**TASK INSTRUCTIONS**: The requested output is every line from the one with "Börsenblatt für den" through the last line below, printed exactly.
________________________________________
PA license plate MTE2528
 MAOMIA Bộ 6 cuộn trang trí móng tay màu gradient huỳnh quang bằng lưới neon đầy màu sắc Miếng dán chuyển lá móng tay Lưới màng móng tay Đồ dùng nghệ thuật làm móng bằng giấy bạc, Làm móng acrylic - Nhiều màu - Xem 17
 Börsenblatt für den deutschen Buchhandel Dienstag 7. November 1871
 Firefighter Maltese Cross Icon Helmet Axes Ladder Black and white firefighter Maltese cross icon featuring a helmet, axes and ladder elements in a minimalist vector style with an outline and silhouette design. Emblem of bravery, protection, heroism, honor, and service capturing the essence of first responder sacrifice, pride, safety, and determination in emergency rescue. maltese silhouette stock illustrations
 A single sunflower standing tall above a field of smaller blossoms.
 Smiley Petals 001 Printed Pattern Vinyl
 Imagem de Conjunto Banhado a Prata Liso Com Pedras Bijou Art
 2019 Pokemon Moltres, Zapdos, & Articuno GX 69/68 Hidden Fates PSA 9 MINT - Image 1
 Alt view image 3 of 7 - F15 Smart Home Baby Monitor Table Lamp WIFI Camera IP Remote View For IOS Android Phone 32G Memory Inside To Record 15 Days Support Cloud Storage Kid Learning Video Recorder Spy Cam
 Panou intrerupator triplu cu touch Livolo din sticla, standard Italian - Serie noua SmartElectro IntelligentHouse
________________________________________
**WORKED SOLUTION**:
 Börsenblatt für den deutschen Buchhandel Dienstag 7. November 1871
 Firefighter Maltese Cross Icon Helmet Axes Ladder Black and white firefighter Maltese cross icon featuring a helmet, axes and ladder elements in a minimalist vector style with an outline and silhouette design. Emblem of bravery, protection, heroism, honor, and service capturing the essence of first responder sacrifice, pride, safety, and determination in emergency rescue. maltese silhouette stock illustrations
 A single sunflower standing tall above a field of smaller blossoms.
 Smiley Petals 001 Printed Pattern Vinyl
 Imagem de Conjunto Banhado a Prata Liso Com Pedras Bijou Art
 2019 Pokemon Moltres, Zapdos, & Articuno GX 69/68 Hidden Fates PSA 9 MINT - Image 1
 Alt view image 3 of 7 - F15 Smart Home Baby Monitor Table Lamp WIFI Camera IP Remote View For IOS Android Phone 32G Memory Inside To Record 15 Days Support Cloud Storage Kid Learning Video Recorder Spy Cam
 Panou intrerupator triplu cu touch Livolo din sticla, standard Italian - Serie noua SmartElectro IntelligentHouse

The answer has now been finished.